Em nota, o Conselho Regional de Medicina do Estado de Goiás (Cremego) informou que vai apurar se houve falha na conduta ética da profissional, mas repudiou e lamentou como os policiais agiram, "desrespeitando e coagindo a médica em seu trabalho, desrespeitando o paciente cujo atendimento estava sendo finalizado quando entraram no consultório e efetuando uma prisão arbitrária" (leia nota completa no fim da reportagem).
Na delegacia
Ao chegar à delegacia, a médica contou que teve seu celular apreendido e foi informada de que estava presa. Quando foi chamada pelo delegado para prestar depoimento, relatou os acontecimentos e ele a informou de que seria liberada após o depoimento.
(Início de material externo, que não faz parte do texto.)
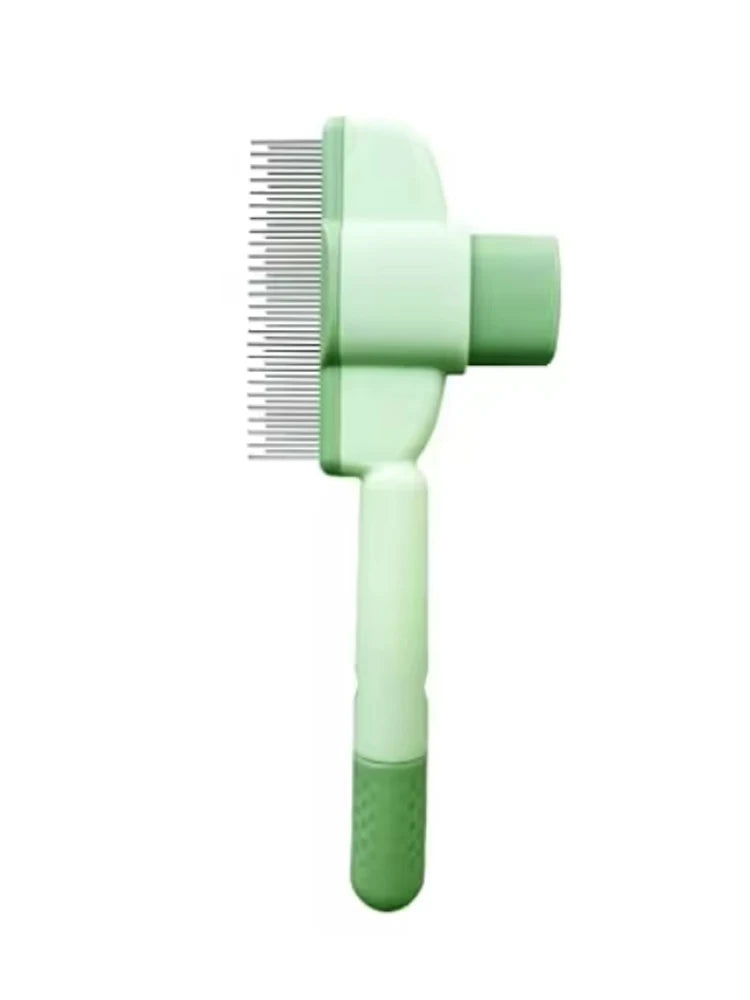 Sage green pet grooming brush with fine metal teeth and an ergonomic handle.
No entanto, a médica afirmou que uma das policiais envolvidas na prisão começou a tentar coagi-la psicologicamente, acusando-a de tirar fotos dela de forma escondida — algo que a médica nega. O intuito, segundo a profissional, era que ela reagisse.
Desesperada, a médica afirmou que entrou em contato com sua advogada e mencionou a possibilidade de denunciar abuso de autoridade. A policial, ao ouvir isso, a intimidou novamente, dizendo que ela poderia processá-la, mas sem provas teria de arcar com a consequência de um falso testemunho.
"Ao escutar isso, [a policial] foi até mim e disse: "Você pode até entrar com processo contra, mas pensa bem porque você não tem como provar, né? A pena para falso testemunho é alta, viu? Daí, que deixaríamos você presa mesmo. Cito palavras dela", disse a médica.
A médica disse que chegou à delegacia por volta das 21h10 e o depoimento só foi registrado por volta das 23h. Enquanto aguardava, contou ter sofrido abuso psicológico. “Fui liberada às 23h50 e mandaram que eu pedisse um Uber para ir embora, o que foi bem difícil de conseguir devido ao horário e à chuva. Retornei ao hospital, mas não consegui finalizar o plantão por estar emocionalmente abalada e ansiosa”, afirmou.
Defesa da médica
Em entrevista ao g1, a advogada da médica, Luísa Siqueira, afirmou que uma ação será ajuizada contra o estado.“Iremos defendê-la no processo criminal, provando sua inocência, e ajuizaremos uma ação contra o estado buscando reparação pelos danos morais sofridos. Farei uma representação junto ao Ministério Público sobre o caso também”, afirmou.
A advogada ressaltou que, em nenhum momento, a médica desacatou os agentes, “limitando-se a agir em conformidade com os preceitos éticos e legais de sua profissão”.
Nota Cremego
Cremego repudia prisão de médica e cobra apuração dos fatos. O Conselho Regional de Medicina do Estado de Goiás (Cremego) tomou conhecimento das circunstâncias da prisão de uma médica, na noite de ontem, 18, no Hospital de Trindade.
O Cremego vai apurar em caráter de urgência se houve falha na conduta ética da profissional, mas desde já repudia e lamenta como os policiais agiram, desrespeitando e coagindo a médica em seu trabalho, desrespeitando o paciente cujo atendimento estava sendo finalizado quando entraram no consultório e efetuando uma prisão arbitrária.
Esperamos que o governador e médico Ronaldo Caiado, que tanto preza pela segurança pública em Goiás, e que as autoridades policiais e de segurança também apurem o fato de forma rígida.
Os médicos já estão sendo muito penalizados pelas más condições de trabalho na rede pública e não podem ficar expostos a mais essa forma de agressão e desrespeito.